In fact, many of us will remember how nighttime radio was different than daytime radio. At night we could (still can) pick up radio stations from all over the place and a lot of them were worthy of our listening.

The first one that comes to mind is XEROK, 800-AM in Juarez, Mexico. It was known as a “border blaster” and I listened to it often here in North Dakota.

This radio station, which now broadcasts a Christian format, was incredibly powerful. It was broadcasting on 150,000 watts, three times the maximum power allowed U.S. AM stations. So it’s no wonder we could pick it up in North Dakota, 1,300 miles apart.

KAAY, 1090-AM in Little Rock, Ark., is another nighttime gem that my brothers and I listened to frequently.

Late at night it had a segment called “Beaker Street” that supposedly broke all the rules of radio etiquette with its high energy rock ‘n’ roll and raspy disc jockeys. There were nights I would listen sometimes until 2 a.m., until I was too tired to stay awake.

WLS, 890-AM in Chicago was just another station that blasted across North Dakota at night.

In the 1960s and early ‘70s, WLS was known for introducing the latest music in the United States and is credited with being one of the first in the United States to play the Beatles.

WLS has always maintained its 50,000 watts of AM power, even today, while it broadcasts a C-Quam AM stereo signal.

We also tuned into KOMA, 1520-AM in Oklahoma City. That may have been one of our least favorite radio stations at the time, but you could count on it being on the dial every night. So, when some of the other stations weren’t available, KOMA was.

There are numerous other stations that I remember listening to in the late ‘60s and early ‘70s, some of them from places you wouldn’t expect.

Do you remember some of these?:

• WHAS 840-AM, Louisville

• WJR, 760-AM, Detroit

• WLW, 700-AM, Cincinnati

• KOA, 850-AM, Denver

• KSL, 1160-AM, Salt Lake City

• KMOX, 1120-AM, St. Louis

• WCCO, 830-AM, Minneapolis

• CKRC, 630-AM, Winnipeg

• CKCK, 620-AM, Regina

• KFI, 640-AM, Los Angeles

• KSTP, 1500-AM, Minneapolis

• KCMO, 710-AM, Kansas City

CKRC went off the air and later emerged as an FM station in Weyburn, Saskatchewan and CKCK became CKRM, the voice of the Saskatchewan Roughriders. All the other stations can still be heard across North Dakota at night.

• WRNO was a shortwave radio station in New Orleans that was frequently available to us at night as well. It was branded as “Worldwide Rock.” It’s still on the air today, but like X-Rock 80, is broadcasting a Christian format.

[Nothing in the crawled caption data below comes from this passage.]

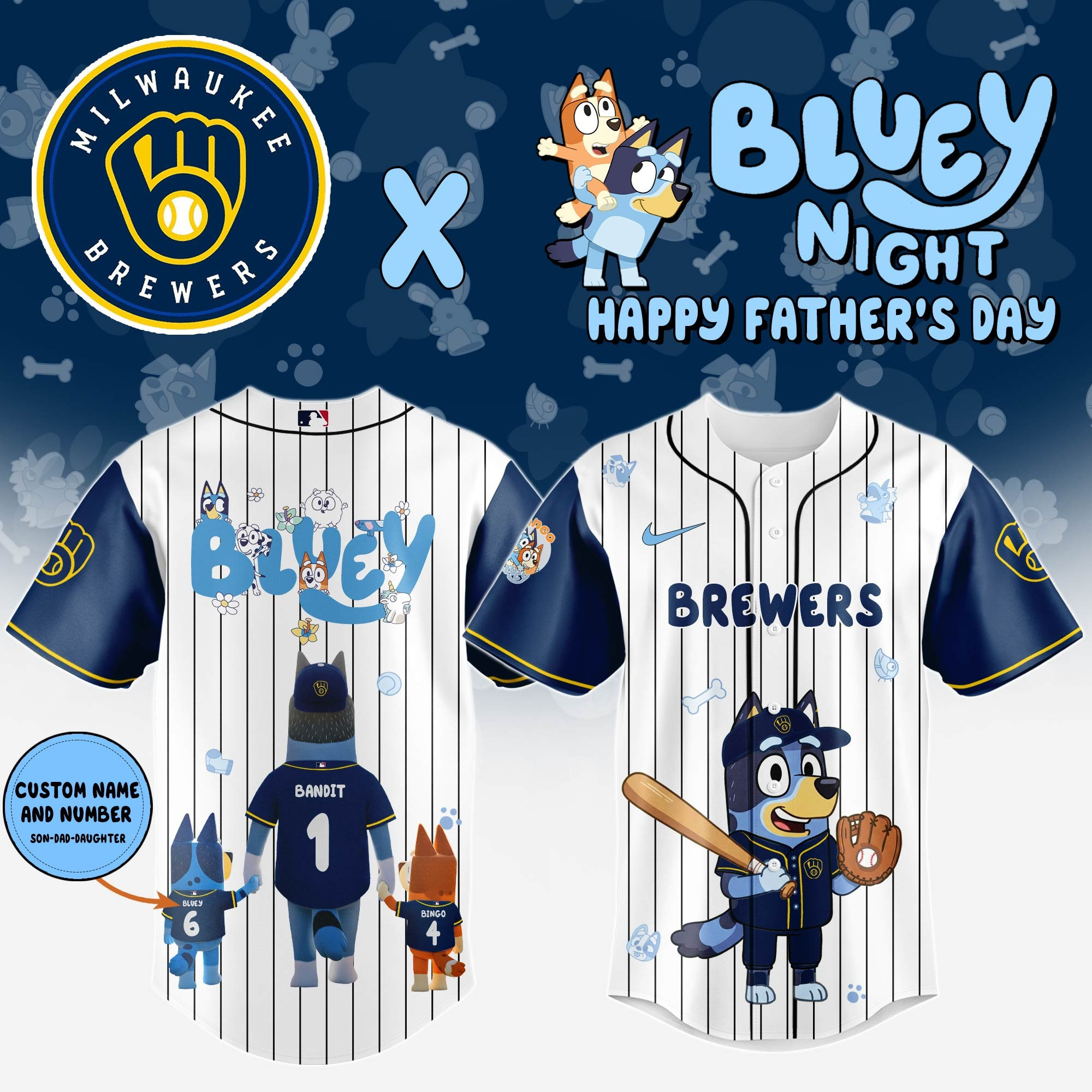 Personalized Milwaukee Brewers Happy Father's Day Jersey 2025 Milwaukee Brewers Merch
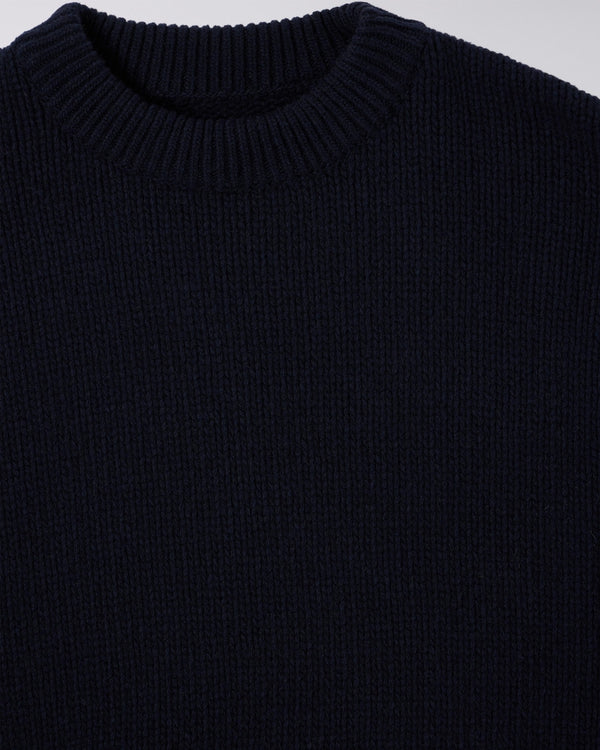 EDWIN - ELLIS KNIT SWEATER - (NAVY/OFF WHITE)
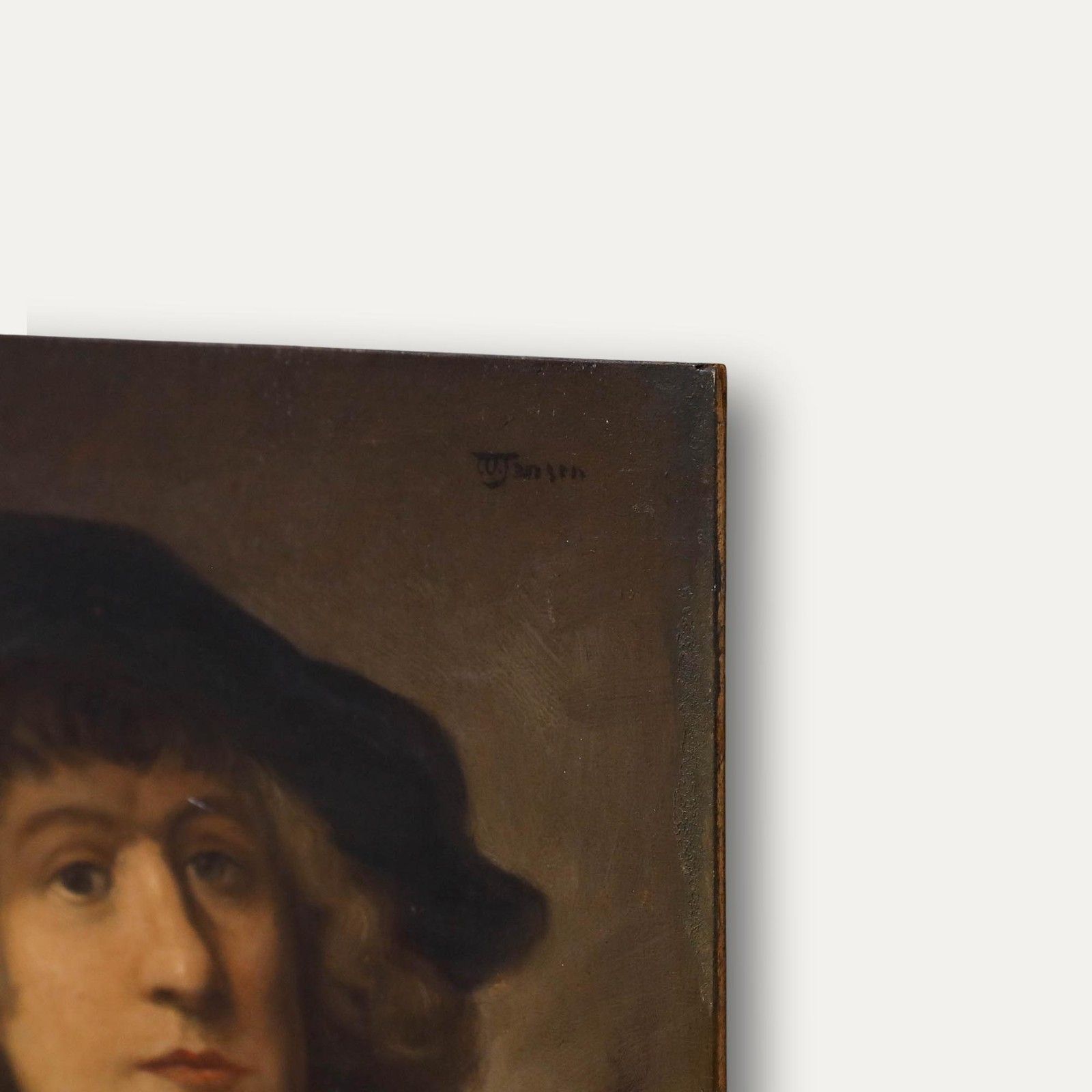 After Rembrandt Late 19th Century Oil, Self Portrait photo vinterior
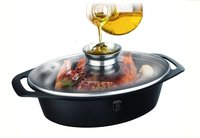 Braadslede marmeren coating 36 cm met glazen deksel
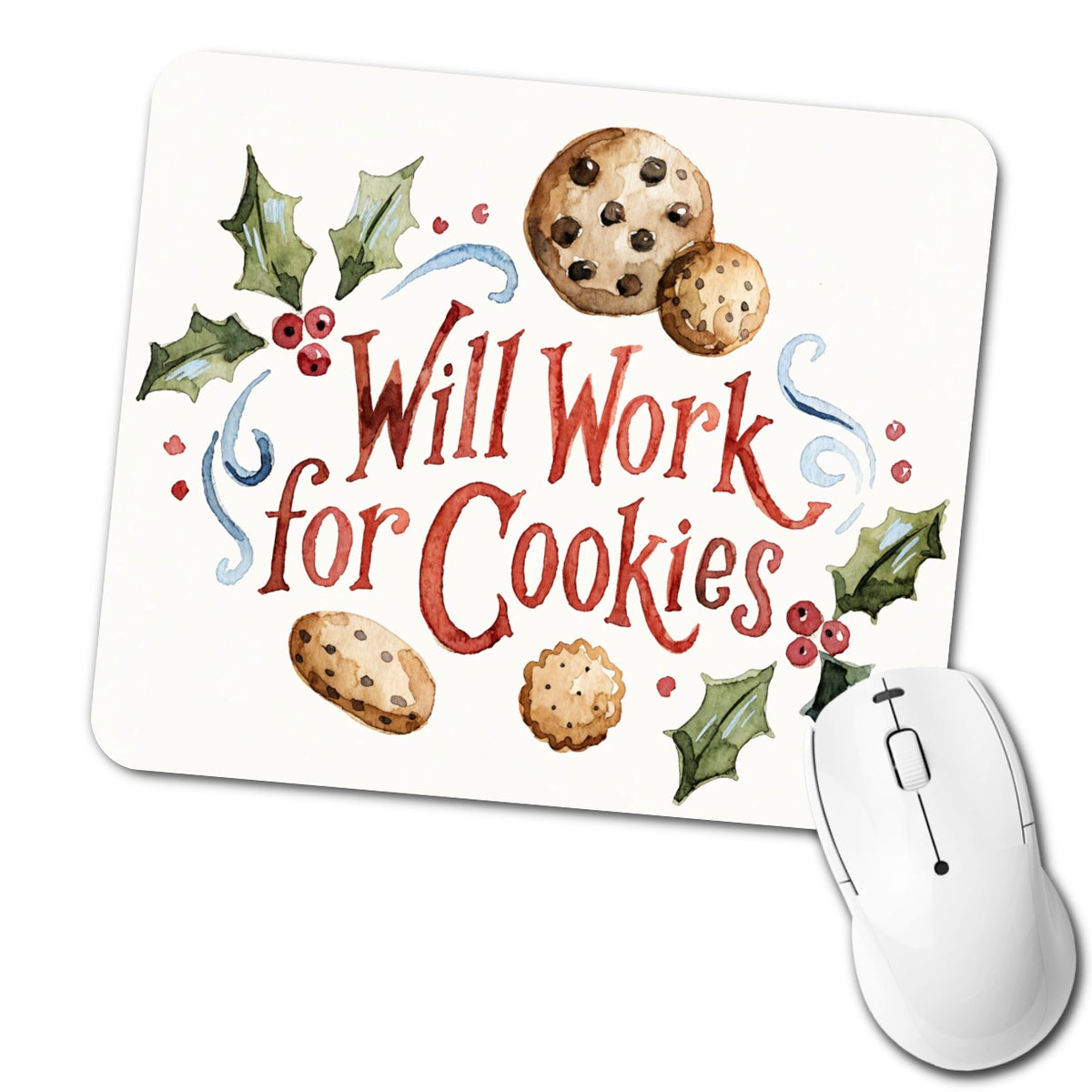 Will Work For Cookies Christmas Funny Low Profile Mouse Pad Mat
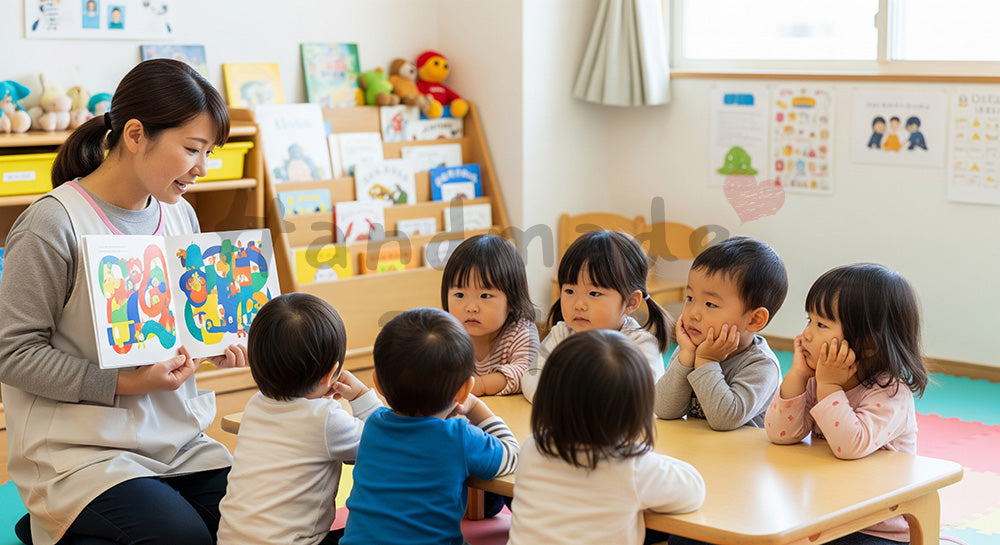 フリー素材 無料 写真｜絵本の読み聞かせをする日本人保育士と園児たち 余白あり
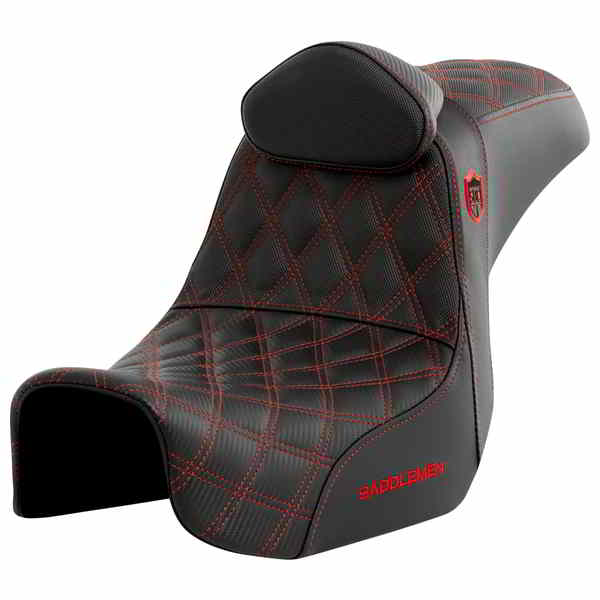 取寄せ プロシリーズ SDC パフォーマンスシート - バックレスト付き - レッドステッチ - ダイナ 06-17 サドルマン Pro Series SDC Performance Seat - w/ Backrest - Red Stitch - Dyna '06-'17 SC80604REDRT DRAG 08030737|ハーレーパーツデポ
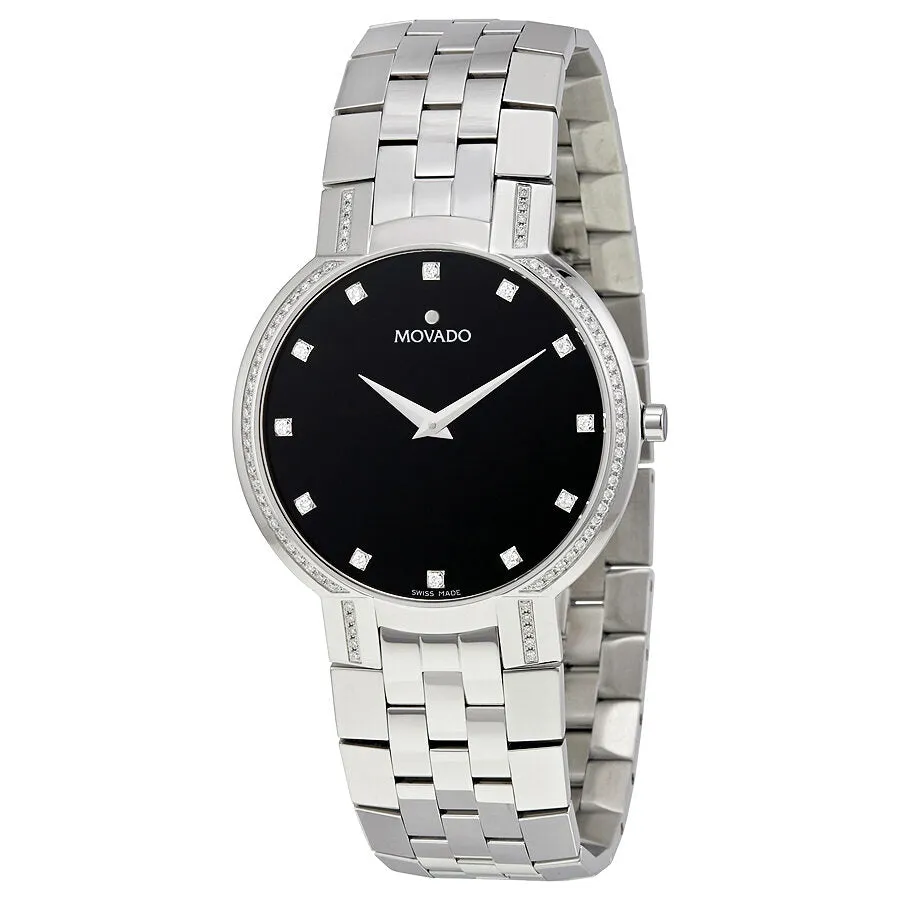 Movado Faceto Black Dial Stainless Steel Men's Watch 0606237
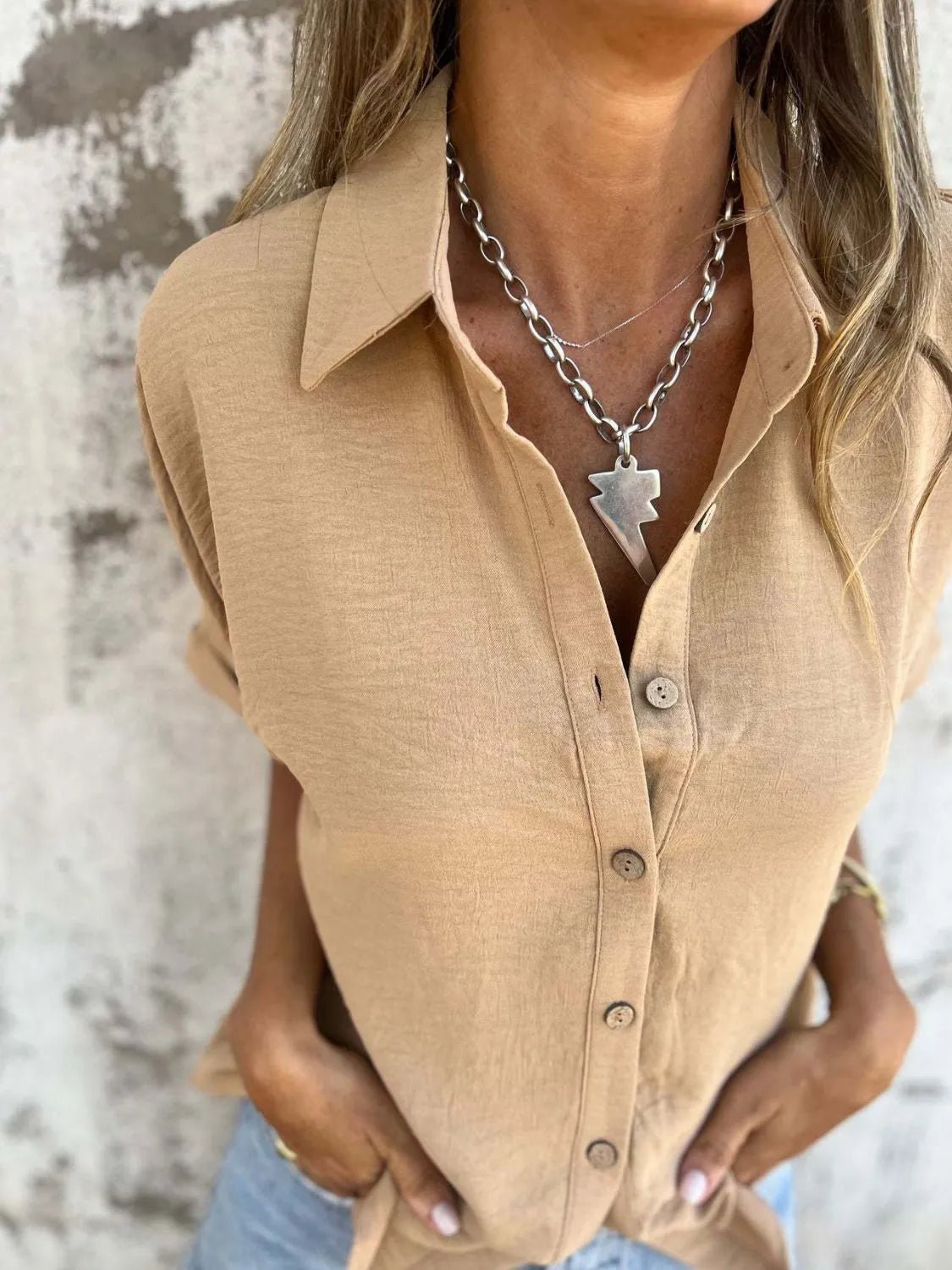 Full Size Collared Neck Half Sleeve Shirt Plus Size - Flip Flop Dynasty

Another shortwave radio station we listened to often was Radio Canada International. That signal was coming out of Montreal and was available almost every night.  I remember my dad listening to it when I was a little kid and my brother and I kept listening as long as our shortwave radio worked.

By the early 1970s, FM was beginning to find its place and a few radio stations began popping up here and there. FM was already popular in California and Florida, but didn’t have much exposure at all in North Dakota.

But since radios were already equipped with FM dials, it was worth investigating to see what would be available.

There were two FM stations in Bismarck and one in Mobridge, S.D., that we could pick up. We often listened to KOLY, 99.5-FM in Mobridge if for no other reason than it played more music and fewer commercials.

In 1973, I discovered CKY-FM, a Winnipeg station that, similar to  X-Rock 80, was broadcasting on 360,000 watts, while U.S. stations were restricted to 100,000 watts.

Now CITI-FM, 92.1, it became the holy grail of FM radio because of its sheer power and remains a classic rock gem today.